Architecture¶
Phalanx is a standard Flower app-model application (flwr 1.31 Message API) plus an OpenTelemetry layer. Four modules, no framework of our own:
| Module | Role |
|---|---|
phalanx/task.py |
Model (HF transformer + PEFT/LoRA), data (flwr-datasets, IID or Dirichlet non-IID), train_fn/test_fn, and adapter-state helpers. |
phalanx/client_app.py |
ClientApp with @app.train / @app.evaluate. Loads the broadcast adapters into a frozen-backbone LoRA model, trains/evaluates on its partition, replies with adapters only. Wraps each pass in a client span. |
phalanx/server_app.py |
ServerApp with @app.main, plus ObservableFedAvg. Builds the initial adapter state, runs strategy.start(...), and emits per-round telemetry. |
phalanx/telemetry.py |
OpenTelemetry tracer/meter providers, round/client span context managers, and FL metric instruments. Exporters are pluggable: OTLP, console, or in-memory (for tests). |
One federated round¶
strategy.start() drives this loop for num-server-rounds:
ServerApp.main
└─ ObservableFedAvg.start(initial_arrays = adapter state)
for each round:
configure_train → broadcast adapters to sampled clients
ClientApp.train → set adapters, train locally, return adapter delta [fl.client.train span]
aggregate_train → FedAvg over the returned adapters
configure_evaluate → broadcast updated adapters
ClientApp.evaluate → evaluate locally, return loss/accuracy [fl.client.evaluate span]

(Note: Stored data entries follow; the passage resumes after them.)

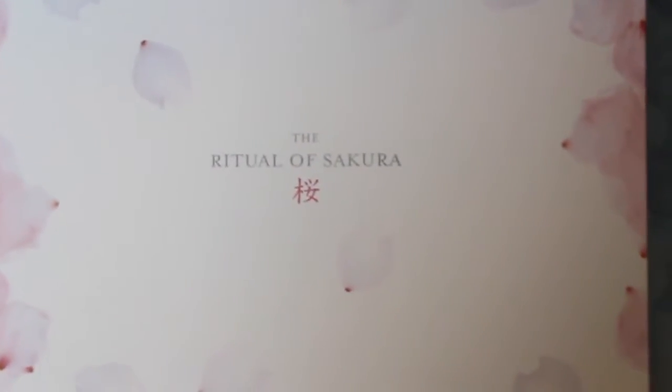Hi guys, I'm here with a nice little video for you. This is one of the special boxes that Glossy Box offers. I got this a few weeks ago, so I've been using the products inside the box, and I can tell you exactly how I feel about everything. It's not just an unboxing.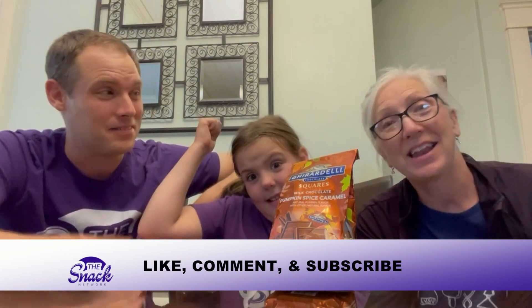Welcome back to the Snack Network. I'm Andy. And I'm Allie. And I'm Mom.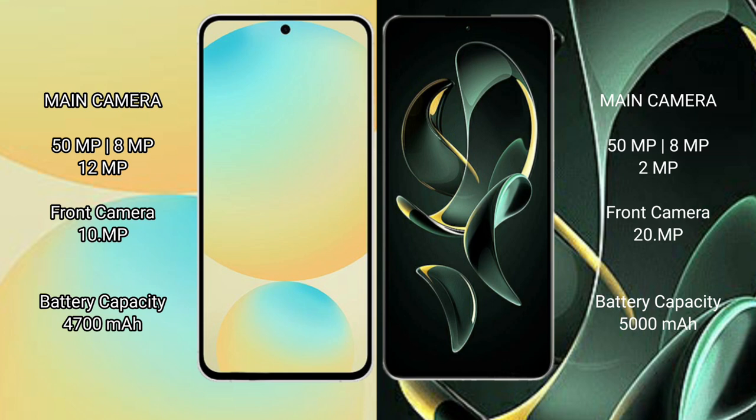Samsung Galaxy S24 FE has a 4300mAh battery with 25W fast charging support. Redmi K60 Ultra has a 5000mAh battery with 120W fast charging support.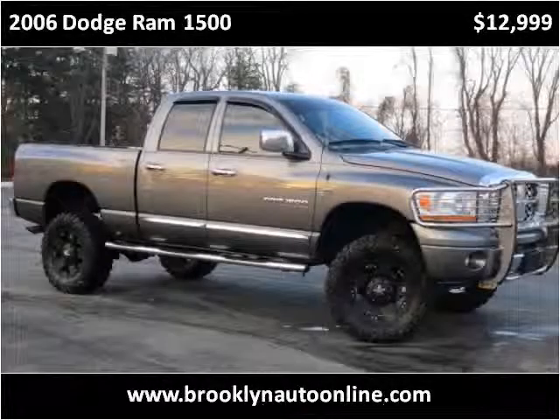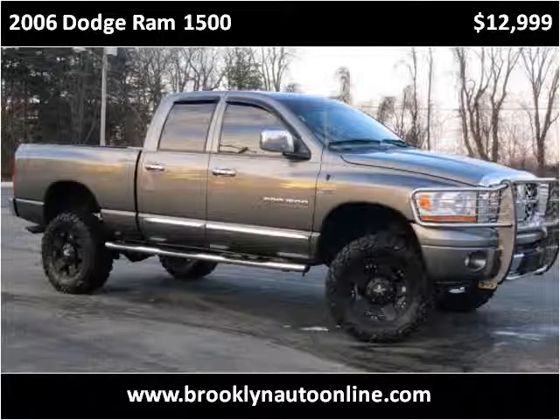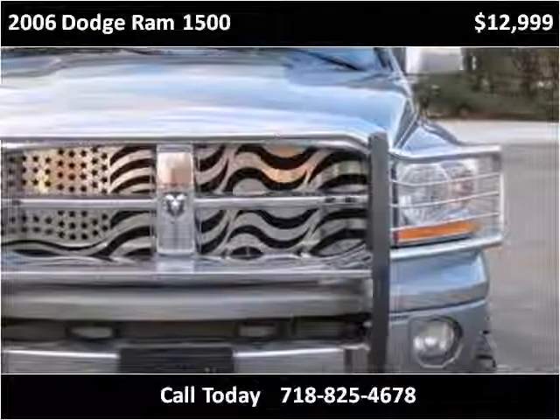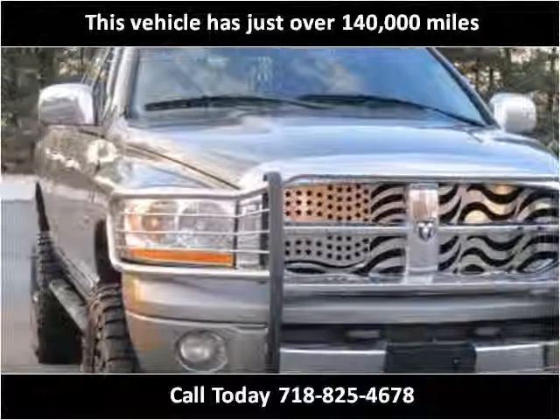This 2006 Dodge Ram 1500 is available from Brooklyn Auto Sales. This vehicle has just over 140,000 miles.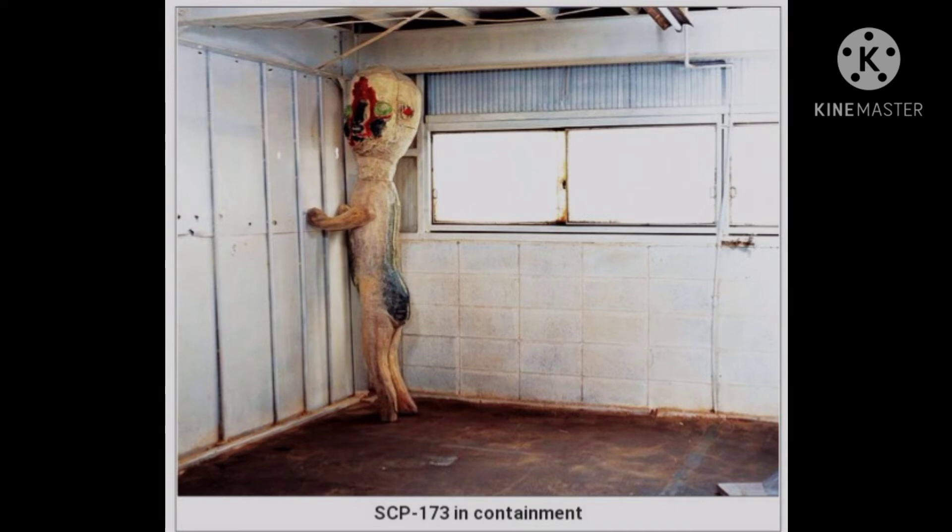It is constructed from concrete and rebar with traces of Krylon brand spray paint. SCP-173 is animate and extremely hostile. The object cannot move while within a direct line of sight. Line of sight must not be broken at any time with SCP-173.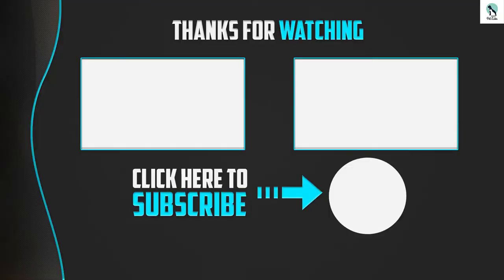Thanks for watching, guys. I hope you liked this video. If this video was helpful to you, please make sure to like, comment, and subscribe. If you have any questions related to these products, you can leave a comment down below and I will get back to you as soon as possible.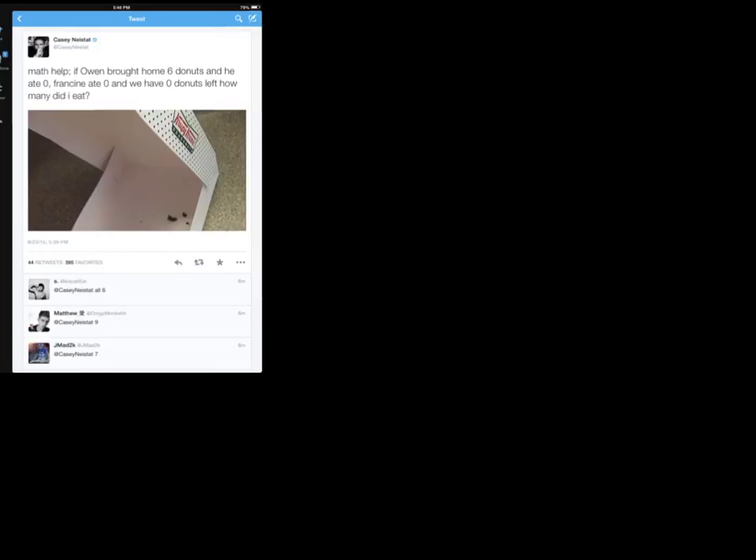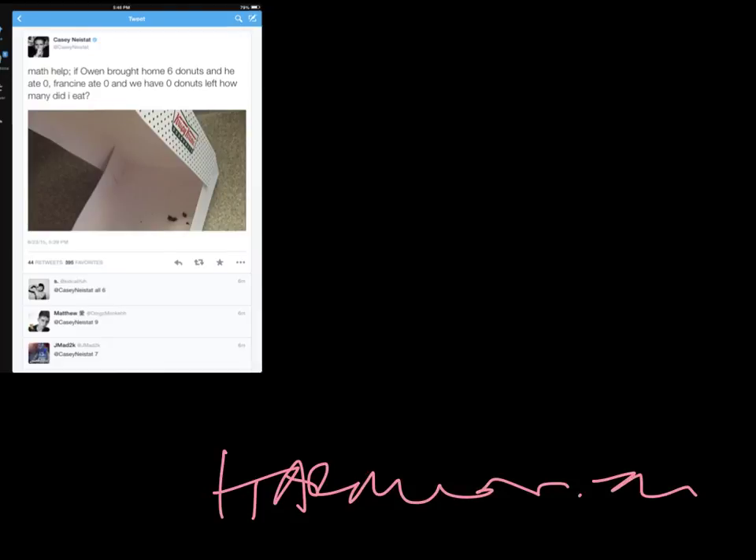Hello, ladies and gentlemen. Welcome to another math lesson brought to you by TuberAcademy.com. Just read in between the lines — it is right in there. Okay, so what we're looking at today is a math problem.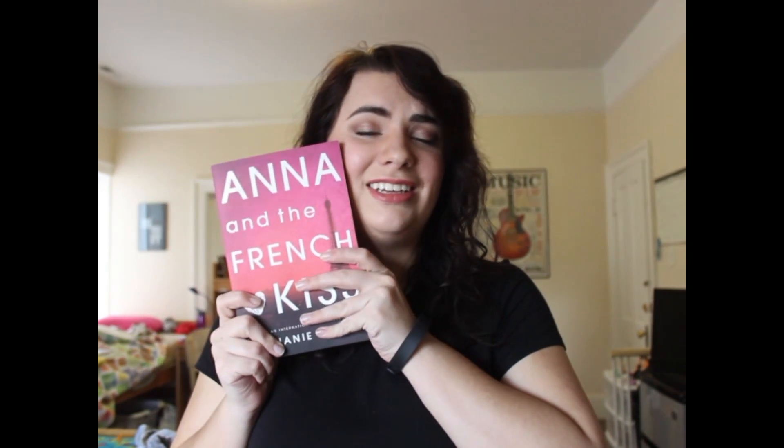The first book I bought this month was Anna and the French Kiss by Stephanie Perkins. I read this book a while ago — I have not read Lola or Isla yet — but I found this at the bookstore and I had a little bit of extra money so I decided to buy it. I remember really liking the book, and they didn't have this copy when I read it. They had the other one with the girl and the guy on the bench, but this one is so much prettier and I love it and I needed to have it on my shelf.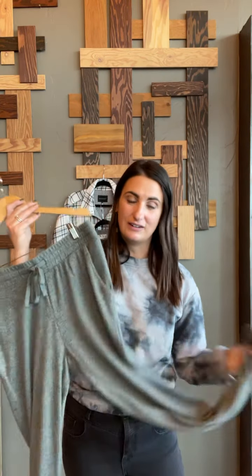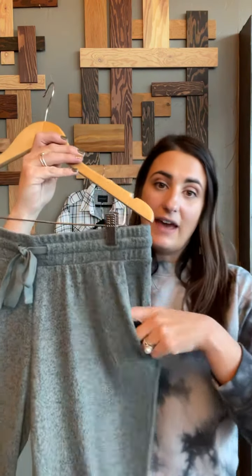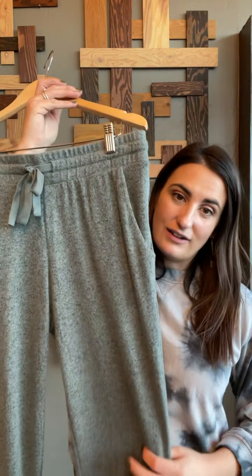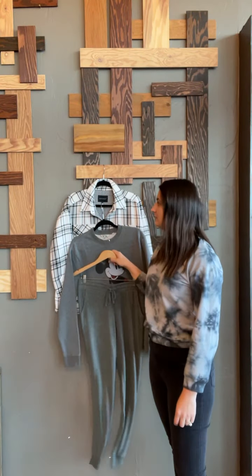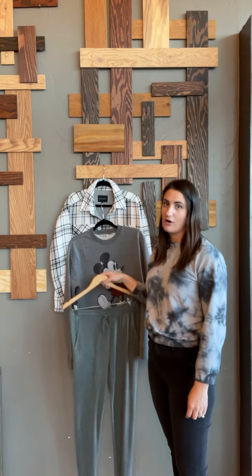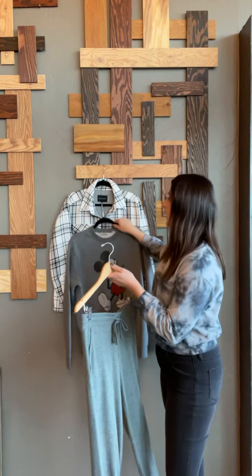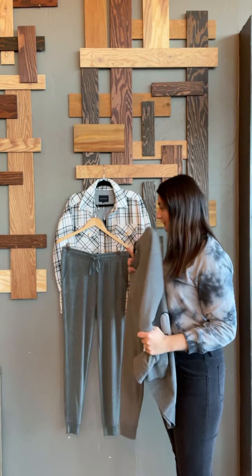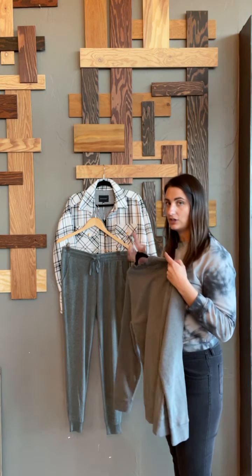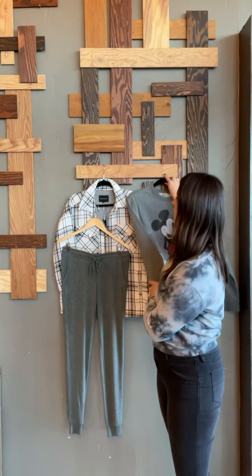Then I finished off your box with some really soft Z Supply joggers. These are a really pretty green color, which I know looks great on you. They have the pocket and the drawstring and they're that marled soft fabric, so I think you're going to love these. Paired back to all of this, it's a great at-home, really cute outfit for maybe like opening gifts or something.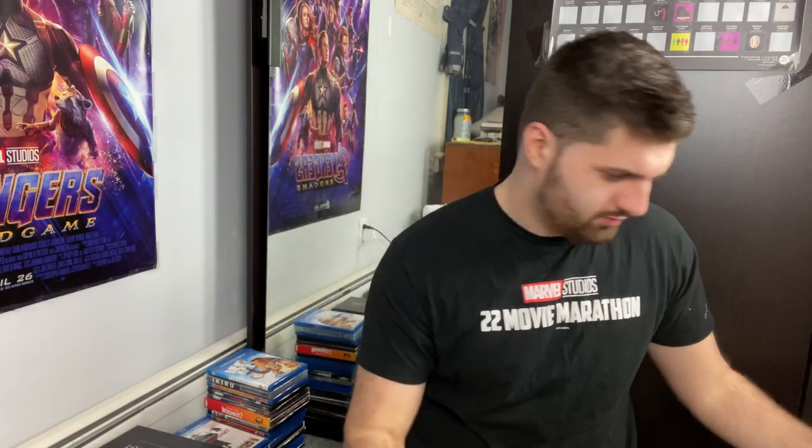Frankenweenie, Frozen, The Fugitive. Full Metal Jacket — a fantastic Stanley Kubrick film. I finally got the 4K for a really good deal. Maybe I should just do a Stanley Kubrick collection because I absolutely love the films I've seen from him. This is one that's fantastic and I need to go back and re-watch it.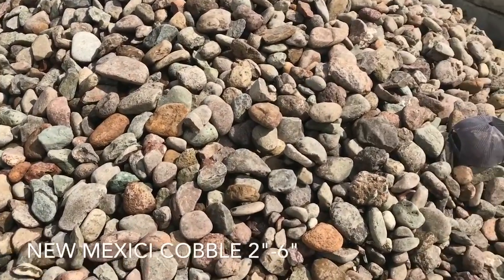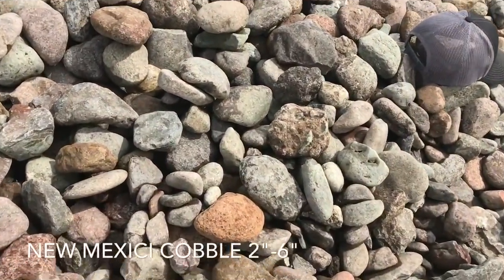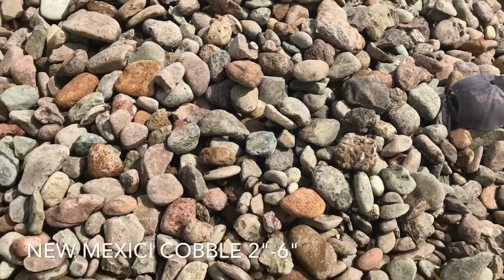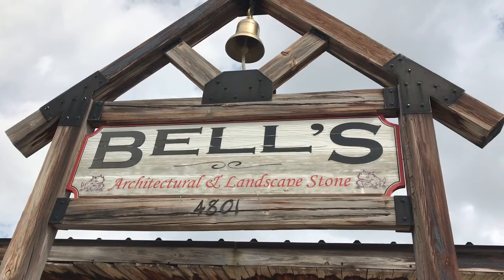We're also adding this brand new New Mexico cobble — this is a two to six inch grade. We're also adding a smaller version of this really soon. This material is going to run $150 a ton. Super excited about it, come check them out!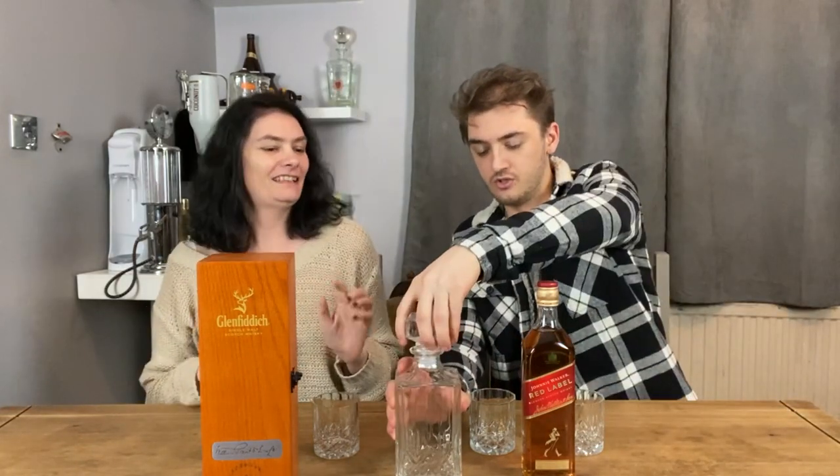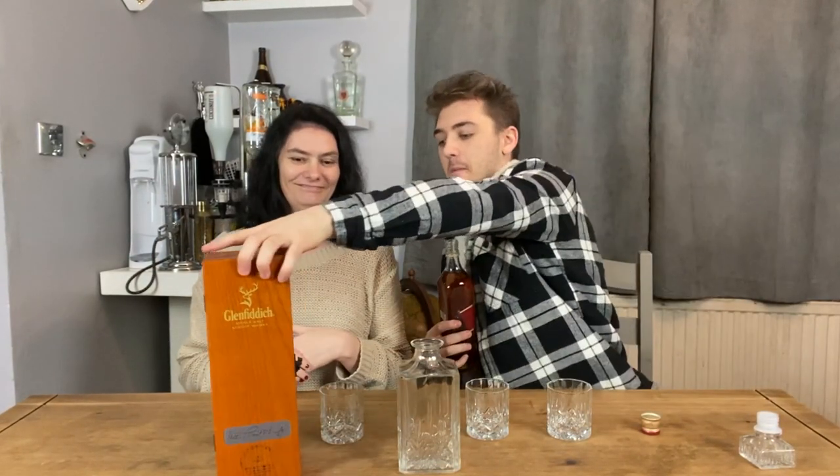Should we do that first and get it out of the way? When we open it, we'll take a smell first. It's Red Label by Johnnie Walker. Neither of us are actually whiskey drinkers, so we probably have a bad opinion about whiskey.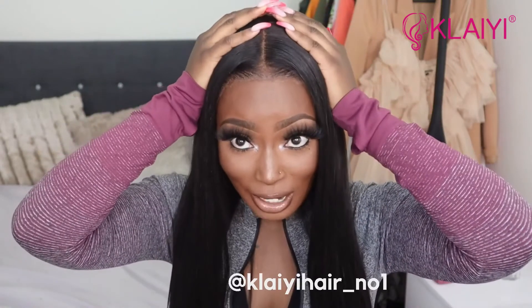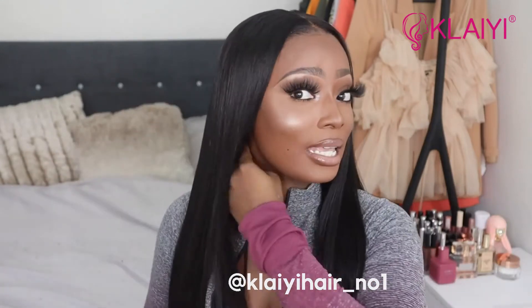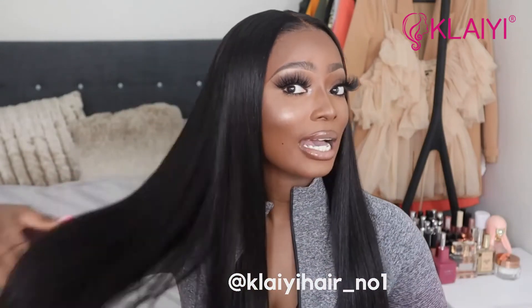My hair is done and my makeup is done — you guys can't tell me I don't look like a doll, because I do. This hair is so bomb. Can you guys see how flat my frontal is? There's no hair serum, nothing on this hair. This is the hair in its natural state and you can see how nice and flowy it is.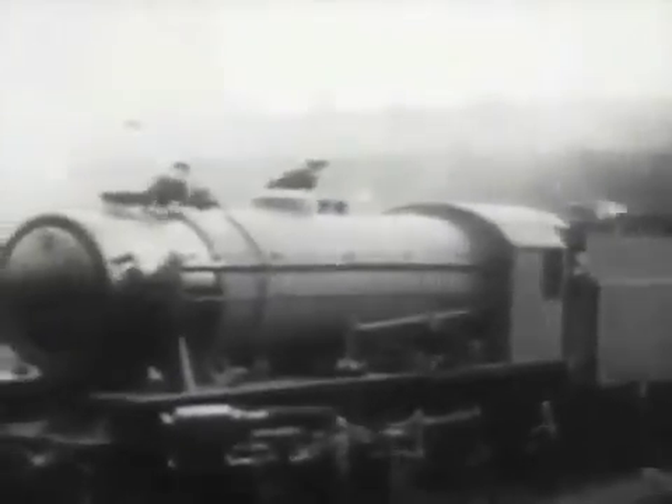Locomotives are the key to victory. The production of a utility engine is now underway at a works in Scotland. RAF locobusting not only draws the lifeblood of enemy transport, it raises a problem for us when we invade Europe.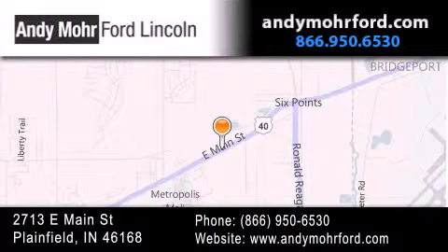You can search our new and pre-owned inventory online, get new car pricing, and receive free no-obligation price quotes. Stop by and visit us today at 2713 East Main Street in Plainfield, or see us online at AndyMooreFord.com.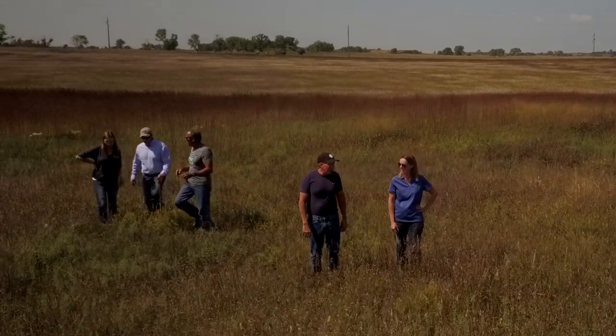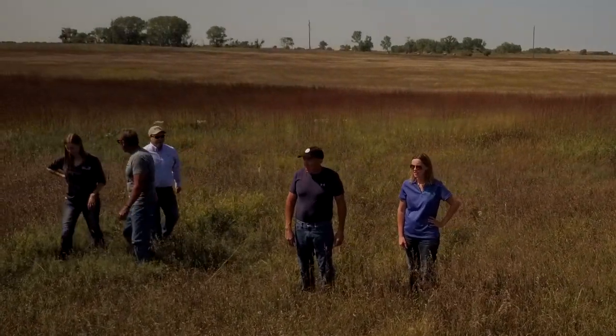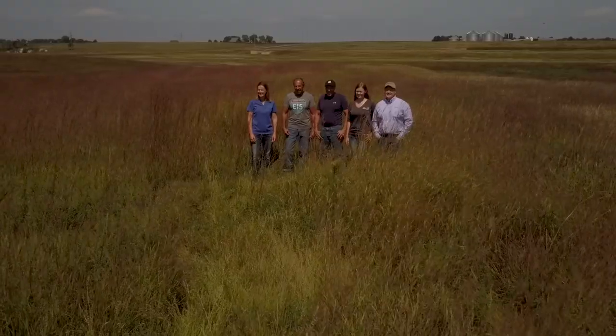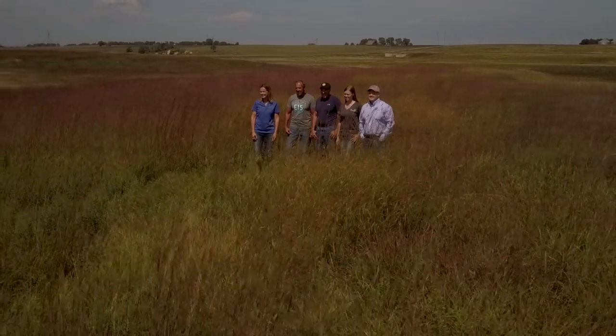The fun part of it is there are so many passionate people involved — with the NRCS, the SDSU Extension, Dakota Lakes Research Farm, and the Soil Health Coalition. There's all kinds of support, and it's just nice talking with other people that have the same passion as you. This isn't all just about profitability — it's doing what's the right thing for the future.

aggregate_evaluate → FedAvg over metrics → observe_round(...) [fl.round span + metrics]
Adapter-only federation¶
The model is a HuggingFace sequence-classification transformer wrapped with a PEFT
LoraConfig. Only the LoRA adapters and the newly-initialised classification head
(PEFT modules_to_save) are trainable, and only those tensors are federated
(get_adapter_state / set_adapter_state). The frozen backbone never leaves a
client, so each ArrayRecord on the wire is small (tens of KB, not the full model).
ObservableFedAvg subclasses Flower's FedAvg and overrides aggregate_train
(to count participating clients) and aggregate_evaluate (to read the aggregated
loss/accuracy and call observe_round). FedAvg's key-matched aggregation works
because get_adapter_state returns a stable set of keys across the server and all
clients.
The OpenTelemetry layer¶
telemetry.py keeps its tracer/meter providers module-local (off the OTel globals)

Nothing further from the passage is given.